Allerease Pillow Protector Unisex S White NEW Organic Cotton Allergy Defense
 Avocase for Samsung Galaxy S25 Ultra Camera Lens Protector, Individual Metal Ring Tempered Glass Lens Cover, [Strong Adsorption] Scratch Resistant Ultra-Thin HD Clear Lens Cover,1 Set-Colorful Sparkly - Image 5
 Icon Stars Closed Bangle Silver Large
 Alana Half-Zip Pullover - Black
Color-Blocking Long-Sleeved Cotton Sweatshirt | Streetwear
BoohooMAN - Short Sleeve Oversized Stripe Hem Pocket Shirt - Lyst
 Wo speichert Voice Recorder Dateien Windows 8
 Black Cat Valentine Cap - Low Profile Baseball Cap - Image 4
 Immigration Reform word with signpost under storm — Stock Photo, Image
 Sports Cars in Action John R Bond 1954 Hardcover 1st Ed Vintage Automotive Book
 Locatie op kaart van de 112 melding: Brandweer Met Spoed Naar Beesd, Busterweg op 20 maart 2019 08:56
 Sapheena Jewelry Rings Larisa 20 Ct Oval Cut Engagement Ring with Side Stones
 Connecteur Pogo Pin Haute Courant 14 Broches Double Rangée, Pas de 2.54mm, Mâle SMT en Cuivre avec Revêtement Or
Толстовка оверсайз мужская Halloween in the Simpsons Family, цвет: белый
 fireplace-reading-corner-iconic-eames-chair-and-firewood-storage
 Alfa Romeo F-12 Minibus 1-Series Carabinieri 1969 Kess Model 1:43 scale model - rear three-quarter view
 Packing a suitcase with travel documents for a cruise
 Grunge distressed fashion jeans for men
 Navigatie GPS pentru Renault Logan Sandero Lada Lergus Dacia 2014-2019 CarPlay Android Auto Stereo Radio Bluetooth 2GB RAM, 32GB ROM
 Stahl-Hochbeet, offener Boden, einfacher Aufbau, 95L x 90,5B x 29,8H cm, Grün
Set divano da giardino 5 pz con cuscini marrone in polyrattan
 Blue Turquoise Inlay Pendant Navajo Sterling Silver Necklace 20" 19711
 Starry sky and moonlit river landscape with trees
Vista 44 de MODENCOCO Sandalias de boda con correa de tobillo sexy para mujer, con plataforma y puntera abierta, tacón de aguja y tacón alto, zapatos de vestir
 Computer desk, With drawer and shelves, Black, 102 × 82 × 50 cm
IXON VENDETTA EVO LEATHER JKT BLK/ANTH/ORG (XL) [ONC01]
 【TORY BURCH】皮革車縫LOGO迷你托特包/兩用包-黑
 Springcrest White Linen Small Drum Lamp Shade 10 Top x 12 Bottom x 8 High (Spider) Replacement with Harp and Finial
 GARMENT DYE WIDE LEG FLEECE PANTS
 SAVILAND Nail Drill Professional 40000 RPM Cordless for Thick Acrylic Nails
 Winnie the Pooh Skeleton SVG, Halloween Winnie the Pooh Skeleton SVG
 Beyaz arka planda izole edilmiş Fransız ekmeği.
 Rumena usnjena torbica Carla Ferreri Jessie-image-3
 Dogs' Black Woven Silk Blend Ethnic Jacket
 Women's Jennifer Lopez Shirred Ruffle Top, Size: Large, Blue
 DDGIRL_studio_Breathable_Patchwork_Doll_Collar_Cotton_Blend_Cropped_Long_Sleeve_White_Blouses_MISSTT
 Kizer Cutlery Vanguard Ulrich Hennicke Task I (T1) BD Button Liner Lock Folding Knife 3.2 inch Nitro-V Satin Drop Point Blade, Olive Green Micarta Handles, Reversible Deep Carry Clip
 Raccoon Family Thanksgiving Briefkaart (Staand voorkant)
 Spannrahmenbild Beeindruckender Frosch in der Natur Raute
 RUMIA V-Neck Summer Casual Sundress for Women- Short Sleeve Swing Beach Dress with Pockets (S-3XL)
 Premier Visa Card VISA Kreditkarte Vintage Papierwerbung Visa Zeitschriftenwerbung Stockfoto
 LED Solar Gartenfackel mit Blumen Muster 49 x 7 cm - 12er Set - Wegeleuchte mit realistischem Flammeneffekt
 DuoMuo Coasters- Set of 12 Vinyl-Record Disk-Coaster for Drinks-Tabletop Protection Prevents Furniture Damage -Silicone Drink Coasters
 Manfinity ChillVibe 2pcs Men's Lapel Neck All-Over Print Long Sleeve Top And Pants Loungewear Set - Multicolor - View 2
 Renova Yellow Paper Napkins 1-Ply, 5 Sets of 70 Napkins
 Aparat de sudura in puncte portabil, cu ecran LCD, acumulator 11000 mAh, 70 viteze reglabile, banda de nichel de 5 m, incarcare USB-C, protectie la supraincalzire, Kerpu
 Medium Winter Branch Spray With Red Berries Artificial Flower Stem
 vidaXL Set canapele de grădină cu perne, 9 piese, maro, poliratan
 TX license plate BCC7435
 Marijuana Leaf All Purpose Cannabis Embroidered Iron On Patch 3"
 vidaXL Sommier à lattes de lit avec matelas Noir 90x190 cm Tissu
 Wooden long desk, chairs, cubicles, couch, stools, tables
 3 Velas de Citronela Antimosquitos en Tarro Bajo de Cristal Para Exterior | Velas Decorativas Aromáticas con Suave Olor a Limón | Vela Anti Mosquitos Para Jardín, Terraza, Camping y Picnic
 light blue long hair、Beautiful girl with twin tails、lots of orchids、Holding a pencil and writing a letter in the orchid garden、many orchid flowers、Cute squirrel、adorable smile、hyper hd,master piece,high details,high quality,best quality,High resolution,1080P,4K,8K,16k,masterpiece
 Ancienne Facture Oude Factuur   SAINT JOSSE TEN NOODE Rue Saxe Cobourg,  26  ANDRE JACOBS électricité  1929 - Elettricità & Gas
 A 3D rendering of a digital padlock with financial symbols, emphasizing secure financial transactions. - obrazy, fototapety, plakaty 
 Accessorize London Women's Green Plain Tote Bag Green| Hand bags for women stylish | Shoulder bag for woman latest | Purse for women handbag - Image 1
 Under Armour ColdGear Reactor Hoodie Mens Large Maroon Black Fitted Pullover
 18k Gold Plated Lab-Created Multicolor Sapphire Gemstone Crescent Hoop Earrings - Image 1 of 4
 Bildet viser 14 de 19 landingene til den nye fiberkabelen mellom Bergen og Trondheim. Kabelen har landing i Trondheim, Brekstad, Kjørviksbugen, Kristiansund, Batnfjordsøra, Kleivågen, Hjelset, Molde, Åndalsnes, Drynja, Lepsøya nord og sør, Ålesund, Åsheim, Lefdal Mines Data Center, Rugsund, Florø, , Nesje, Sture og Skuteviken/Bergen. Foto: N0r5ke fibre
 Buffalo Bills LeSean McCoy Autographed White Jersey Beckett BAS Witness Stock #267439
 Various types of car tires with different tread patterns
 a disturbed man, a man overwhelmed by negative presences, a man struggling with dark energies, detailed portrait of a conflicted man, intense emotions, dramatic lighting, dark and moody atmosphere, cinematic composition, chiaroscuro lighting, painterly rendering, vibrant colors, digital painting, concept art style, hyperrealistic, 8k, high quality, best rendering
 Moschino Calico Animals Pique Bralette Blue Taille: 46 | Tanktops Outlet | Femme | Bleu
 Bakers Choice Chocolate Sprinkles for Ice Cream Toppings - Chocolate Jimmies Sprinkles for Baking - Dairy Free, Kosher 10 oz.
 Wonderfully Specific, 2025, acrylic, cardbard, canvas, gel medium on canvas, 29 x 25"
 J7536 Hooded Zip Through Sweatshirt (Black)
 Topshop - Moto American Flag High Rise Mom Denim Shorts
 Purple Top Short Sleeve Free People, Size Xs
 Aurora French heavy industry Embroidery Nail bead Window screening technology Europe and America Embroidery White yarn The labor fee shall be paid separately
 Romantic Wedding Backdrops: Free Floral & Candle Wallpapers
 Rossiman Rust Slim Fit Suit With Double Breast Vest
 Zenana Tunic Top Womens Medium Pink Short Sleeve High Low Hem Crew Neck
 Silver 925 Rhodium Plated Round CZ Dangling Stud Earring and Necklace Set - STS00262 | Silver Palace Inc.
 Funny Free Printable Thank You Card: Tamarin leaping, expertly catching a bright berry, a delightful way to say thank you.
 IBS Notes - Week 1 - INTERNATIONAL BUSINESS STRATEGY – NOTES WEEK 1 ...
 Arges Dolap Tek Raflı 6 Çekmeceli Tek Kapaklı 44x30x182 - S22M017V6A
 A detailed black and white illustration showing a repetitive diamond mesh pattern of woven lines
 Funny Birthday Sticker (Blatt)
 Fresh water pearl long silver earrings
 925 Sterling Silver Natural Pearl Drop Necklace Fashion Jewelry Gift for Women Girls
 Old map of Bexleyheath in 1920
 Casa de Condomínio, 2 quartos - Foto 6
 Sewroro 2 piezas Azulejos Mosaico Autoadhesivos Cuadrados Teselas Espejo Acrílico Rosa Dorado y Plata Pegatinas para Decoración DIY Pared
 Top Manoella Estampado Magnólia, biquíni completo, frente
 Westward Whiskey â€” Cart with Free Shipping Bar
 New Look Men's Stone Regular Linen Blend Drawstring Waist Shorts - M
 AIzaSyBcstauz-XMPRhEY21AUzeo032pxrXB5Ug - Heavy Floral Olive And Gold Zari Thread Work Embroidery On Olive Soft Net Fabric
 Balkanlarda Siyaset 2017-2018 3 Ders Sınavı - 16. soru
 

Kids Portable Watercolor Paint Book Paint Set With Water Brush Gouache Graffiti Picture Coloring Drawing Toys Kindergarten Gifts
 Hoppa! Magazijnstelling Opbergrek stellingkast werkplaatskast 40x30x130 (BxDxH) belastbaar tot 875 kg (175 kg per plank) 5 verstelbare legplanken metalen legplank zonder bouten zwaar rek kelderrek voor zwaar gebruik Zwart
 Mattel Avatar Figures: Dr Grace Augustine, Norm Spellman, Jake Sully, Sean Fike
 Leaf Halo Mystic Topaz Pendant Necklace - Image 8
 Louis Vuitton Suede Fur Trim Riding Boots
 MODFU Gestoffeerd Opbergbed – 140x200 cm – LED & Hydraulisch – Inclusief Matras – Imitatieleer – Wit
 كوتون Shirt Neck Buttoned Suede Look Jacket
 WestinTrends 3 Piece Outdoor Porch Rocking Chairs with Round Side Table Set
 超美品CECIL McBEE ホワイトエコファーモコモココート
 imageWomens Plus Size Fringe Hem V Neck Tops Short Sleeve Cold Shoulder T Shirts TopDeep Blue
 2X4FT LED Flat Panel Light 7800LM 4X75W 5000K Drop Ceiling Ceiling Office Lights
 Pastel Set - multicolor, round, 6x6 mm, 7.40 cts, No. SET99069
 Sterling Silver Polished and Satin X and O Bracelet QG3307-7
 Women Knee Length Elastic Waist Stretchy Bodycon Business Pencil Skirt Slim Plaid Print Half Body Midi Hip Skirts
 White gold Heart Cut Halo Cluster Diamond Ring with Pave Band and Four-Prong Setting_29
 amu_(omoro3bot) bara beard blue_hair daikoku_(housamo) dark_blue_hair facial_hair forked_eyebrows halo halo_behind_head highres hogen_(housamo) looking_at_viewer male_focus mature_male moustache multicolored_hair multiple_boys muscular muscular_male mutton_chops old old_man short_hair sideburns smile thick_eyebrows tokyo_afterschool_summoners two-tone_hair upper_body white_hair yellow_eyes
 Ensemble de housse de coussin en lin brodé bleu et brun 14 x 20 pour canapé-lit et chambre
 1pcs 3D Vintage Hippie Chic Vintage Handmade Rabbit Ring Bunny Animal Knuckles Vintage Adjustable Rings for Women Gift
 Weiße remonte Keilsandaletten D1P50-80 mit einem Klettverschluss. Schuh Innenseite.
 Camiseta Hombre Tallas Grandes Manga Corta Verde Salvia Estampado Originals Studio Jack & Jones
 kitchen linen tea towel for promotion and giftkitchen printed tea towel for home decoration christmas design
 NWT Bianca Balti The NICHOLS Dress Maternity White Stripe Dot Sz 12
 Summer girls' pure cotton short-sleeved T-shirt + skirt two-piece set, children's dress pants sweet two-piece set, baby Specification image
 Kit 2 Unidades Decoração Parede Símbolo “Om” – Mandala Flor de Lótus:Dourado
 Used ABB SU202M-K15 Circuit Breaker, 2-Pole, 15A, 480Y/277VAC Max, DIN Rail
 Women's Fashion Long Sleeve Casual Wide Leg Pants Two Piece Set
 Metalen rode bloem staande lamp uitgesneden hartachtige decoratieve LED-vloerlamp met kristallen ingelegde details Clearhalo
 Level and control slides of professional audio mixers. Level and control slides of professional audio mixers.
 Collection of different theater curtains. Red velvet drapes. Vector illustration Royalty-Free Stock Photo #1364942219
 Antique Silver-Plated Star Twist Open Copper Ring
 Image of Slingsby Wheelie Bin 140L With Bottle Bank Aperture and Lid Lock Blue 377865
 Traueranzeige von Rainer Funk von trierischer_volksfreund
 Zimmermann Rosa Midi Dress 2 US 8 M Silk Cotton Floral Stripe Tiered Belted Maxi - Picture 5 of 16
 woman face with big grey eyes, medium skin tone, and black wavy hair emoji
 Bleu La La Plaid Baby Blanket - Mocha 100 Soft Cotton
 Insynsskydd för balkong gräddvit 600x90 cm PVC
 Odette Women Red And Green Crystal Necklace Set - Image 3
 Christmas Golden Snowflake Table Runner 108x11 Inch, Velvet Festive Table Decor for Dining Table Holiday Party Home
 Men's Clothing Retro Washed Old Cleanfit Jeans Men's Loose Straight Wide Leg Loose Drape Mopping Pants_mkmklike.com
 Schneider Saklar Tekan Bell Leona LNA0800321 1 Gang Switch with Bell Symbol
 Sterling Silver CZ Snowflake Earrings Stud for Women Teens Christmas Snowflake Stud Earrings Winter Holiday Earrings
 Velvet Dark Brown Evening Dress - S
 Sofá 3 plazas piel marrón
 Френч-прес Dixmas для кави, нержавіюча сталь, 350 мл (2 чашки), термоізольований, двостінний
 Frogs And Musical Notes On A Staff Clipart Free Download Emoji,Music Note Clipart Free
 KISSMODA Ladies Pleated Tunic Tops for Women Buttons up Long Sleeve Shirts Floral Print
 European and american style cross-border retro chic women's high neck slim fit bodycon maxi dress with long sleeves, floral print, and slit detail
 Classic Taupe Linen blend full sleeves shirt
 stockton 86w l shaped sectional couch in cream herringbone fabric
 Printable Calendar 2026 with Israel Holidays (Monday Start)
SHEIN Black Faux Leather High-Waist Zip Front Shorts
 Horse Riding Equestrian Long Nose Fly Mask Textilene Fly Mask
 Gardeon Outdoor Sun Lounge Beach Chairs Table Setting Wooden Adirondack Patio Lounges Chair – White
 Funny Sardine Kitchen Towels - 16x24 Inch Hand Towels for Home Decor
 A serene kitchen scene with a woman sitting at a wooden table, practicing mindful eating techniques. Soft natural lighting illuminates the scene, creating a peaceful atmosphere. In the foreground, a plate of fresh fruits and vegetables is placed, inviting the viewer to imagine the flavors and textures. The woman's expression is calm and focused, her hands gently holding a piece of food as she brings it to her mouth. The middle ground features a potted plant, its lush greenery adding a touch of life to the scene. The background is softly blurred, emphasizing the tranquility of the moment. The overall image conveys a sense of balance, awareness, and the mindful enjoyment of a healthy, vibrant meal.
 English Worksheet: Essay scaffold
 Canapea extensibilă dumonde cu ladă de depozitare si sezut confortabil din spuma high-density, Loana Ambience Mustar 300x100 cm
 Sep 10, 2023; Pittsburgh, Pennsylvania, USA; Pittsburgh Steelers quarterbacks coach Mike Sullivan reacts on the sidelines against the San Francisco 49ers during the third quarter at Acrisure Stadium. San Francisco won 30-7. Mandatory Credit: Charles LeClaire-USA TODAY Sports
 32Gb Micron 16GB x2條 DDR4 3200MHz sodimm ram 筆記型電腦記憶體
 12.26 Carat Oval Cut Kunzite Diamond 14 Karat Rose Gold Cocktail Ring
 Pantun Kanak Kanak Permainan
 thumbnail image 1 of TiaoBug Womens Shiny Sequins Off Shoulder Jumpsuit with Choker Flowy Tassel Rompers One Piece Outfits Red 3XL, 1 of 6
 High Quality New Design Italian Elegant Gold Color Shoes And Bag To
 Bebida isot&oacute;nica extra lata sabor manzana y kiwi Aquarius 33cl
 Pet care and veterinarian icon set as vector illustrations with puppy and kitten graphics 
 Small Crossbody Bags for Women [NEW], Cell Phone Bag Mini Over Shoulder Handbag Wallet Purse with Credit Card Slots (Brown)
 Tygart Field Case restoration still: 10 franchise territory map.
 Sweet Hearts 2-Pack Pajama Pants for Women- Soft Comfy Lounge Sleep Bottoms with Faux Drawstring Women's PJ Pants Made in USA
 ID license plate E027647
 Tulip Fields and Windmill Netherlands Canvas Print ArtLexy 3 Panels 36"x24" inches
---------------
Return each line from the data where the string "Embroidery" can be found.

RESPONSE TO THE TASK:
 Aurora French heavy industry Embroidery Nail bead Window screening technology Europe and America Embroidery White yarn The labor fee shall be paid separately
 AIzaSyBcstauz-XMPRhEY21AUzeo032pxrXB5Ug - Heavy Floral Olive And Gold Zari Thread Work Embroidery On Olive Soft Net Fabric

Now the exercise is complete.